Coronavirus, il figlio di una anziana della casa di riposo Come d'incanto: “Mia madre sta morendo, mandate rinforzi agli infermieri”

La lettera appello per aiutare i “sopravvissuti” finiti in ospedale. “Continuiamo impotenti ad assistere al crollo psicologico dei poveri anziani, come se già fossero condannati a morte e che rischiano di morire paradossalmente perché si lasciano andare piuttosto che per colpa del covid-19”

Un incubo che continua quello degli anziani della Casa di riposo Come d’incanto, trasferiti nei vari presidi Covid dopo essere risultati positivi ai tamponi.

Uno dei focolai di Coronavirus che ha fatto pagare il prezzo più alto alla città, registrando tanti decessi.  Ma resta ancora tanta sofferenza per gli anziani che oggi si ritrovano in ospedale senza punti di riferimento, senza poter vedere i propri cari, smarriti e forse anche inconsapevoli. Una sofferenza che strazia i figli, i nipoti che assistono impotenti e nulla possono fare per aiutarli, confortarli, dare assistenza. Figli che temono di non poterli vedere mai più. Perché la paura e la solitudine può uccidere come un virus. Lo spiega bene il figlio di una delle tante anziane della Casa di riposo che si trova ora ricoverata all’ospedale Cutroni Zodda. Ecco la sua lettera-appello.

I nostri anziani stanno crollando, vi prego di mandare rinforzi agli infermieri

“Dopo l'incubo degli ultimi drammatici giorni trascorsi nella casa di riposo di Messina “Come d'incanto", i nostri cari trasferiti nel Centro Covid Cutroni-Zodda di Barcellona e probabilmente, analoga situazione  anche presso altri centri covid, adesso si ritrovano dentro un altro terribile incubo. 

Principalmente gli anziani non gravi e coscienti, che si ritrovano di punto in bianco, portati da una casa ad una stanza blindata di ospedale, terribilmente soli con quelle tute bianche senza volto  e senza più il minimo conforto o contatto con gli affetti dei propri cari, neanche telefonico, per appigliarsi almeno alle loro voci e ricevere quel minimo di ricarica vitale dai loro figli e nipotini, che consentirebbe loro di sentirsi amati, rincuorati, non abbandonati e stimolati a non mollare.  

Questa è l'ulteriore situazione straziante che stiamo continuando a vivere, giorno dopo giorno ormai da 8 giorni dal ricovero. Nonostante il personale infermieristico, ritrovatosi notevolmente sovraccaricato dall'improvviso dal numero di ricoveri,  fornisca  l'assistenza prevista,  loro malgrado, hanno poco spazio per il conforto psicologico e per occuparsi di quelle piccole attenzioni come ad esempio aiutare gli anziani che hanno con se il cellulare a contattare o rispondere alle chiamate dei loro cari che cercano disperatamente di fare arrivare loro un messaggio di forza e vicinanza. 

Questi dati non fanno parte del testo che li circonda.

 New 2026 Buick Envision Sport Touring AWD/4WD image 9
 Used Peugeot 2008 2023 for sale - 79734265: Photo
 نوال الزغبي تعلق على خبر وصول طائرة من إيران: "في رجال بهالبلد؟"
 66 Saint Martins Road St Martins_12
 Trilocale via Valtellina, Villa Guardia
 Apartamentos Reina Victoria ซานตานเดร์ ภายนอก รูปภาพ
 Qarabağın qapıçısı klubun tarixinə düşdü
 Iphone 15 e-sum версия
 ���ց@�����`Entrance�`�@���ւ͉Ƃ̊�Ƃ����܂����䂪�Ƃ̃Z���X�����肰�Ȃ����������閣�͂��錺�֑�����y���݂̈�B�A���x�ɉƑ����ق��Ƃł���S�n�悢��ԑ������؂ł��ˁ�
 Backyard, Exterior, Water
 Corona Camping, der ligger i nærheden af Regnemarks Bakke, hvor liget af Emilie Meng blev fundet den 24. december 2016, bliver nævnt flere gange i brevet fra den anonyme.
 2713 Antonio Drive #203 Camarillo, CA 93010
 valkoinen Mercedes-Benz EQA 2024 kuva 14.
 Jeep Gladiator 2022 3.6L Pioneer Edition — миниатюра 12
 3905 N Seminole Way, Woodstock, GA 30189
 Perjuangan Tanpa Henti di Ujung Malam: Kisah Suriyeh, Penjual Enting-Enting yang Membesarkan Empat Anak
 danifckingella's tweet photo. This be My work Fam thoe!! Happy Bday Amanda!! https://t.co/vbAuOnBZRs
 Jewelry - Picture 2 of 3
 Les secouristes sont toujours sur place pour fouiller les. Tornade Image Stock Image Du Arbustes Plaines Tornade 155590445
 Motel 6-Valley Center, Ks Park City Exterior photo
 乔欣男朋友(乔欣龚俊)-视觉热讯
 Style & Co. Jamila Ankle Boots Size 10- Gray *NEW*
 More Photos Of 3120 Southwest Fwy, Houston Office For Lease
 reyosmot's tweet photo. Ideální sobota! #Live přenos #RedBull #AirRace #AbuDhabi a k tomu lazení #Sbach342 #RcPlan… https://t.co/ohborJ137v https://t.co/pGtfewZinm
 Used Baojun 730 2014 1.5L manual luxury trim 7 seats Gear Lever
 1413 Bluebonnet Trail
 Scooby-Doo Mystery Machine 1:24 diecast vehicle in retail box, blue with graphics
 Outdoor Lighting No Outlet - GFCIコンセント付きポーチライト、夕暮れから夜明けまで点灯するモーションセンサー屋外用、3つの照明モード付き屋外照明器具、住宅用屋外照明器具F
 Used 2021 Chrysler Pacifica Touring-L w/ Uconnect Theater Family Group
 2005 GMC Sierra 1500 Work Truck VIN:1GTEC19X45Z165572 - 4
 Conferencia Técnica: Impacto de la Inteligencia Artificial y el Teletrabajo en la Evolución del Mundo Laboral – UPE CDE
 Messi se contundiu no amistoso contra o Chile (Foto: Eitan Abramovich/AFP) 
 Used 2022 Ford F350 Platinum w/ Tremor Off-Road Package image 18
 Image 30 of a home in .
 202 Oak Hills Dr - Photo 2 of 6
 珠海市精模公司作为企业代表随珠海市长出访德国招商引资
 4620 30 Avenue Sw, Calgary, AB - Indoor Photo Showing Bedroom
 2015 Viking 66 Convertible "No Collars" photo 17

Nel frattempo, continuiamo impotenti ad assistere al crollo psicologico dei poveri anziani, come se già fossero condannati a morte e che rischiano di morire paradossalmente perché si lasciano andare piuttosto che per colpa del covid-19.

Per questo lanciamo un appello di aiuto, per i nostri cari e per gli anziani in analoga situazione drammatica.  Preghiamo i responsabili, istituzioni e chiunque possa intervenire per inviare rinforzi di personale infermieristico a cui scarseggiano anche i presidi di protezione personale, al centro covid Cutroni Zodda e altri centri ove sussista analogo dramma.

Immaginate di avere la vostra mamma, papà, zii, nonni soffrire così. Cosa fareste?”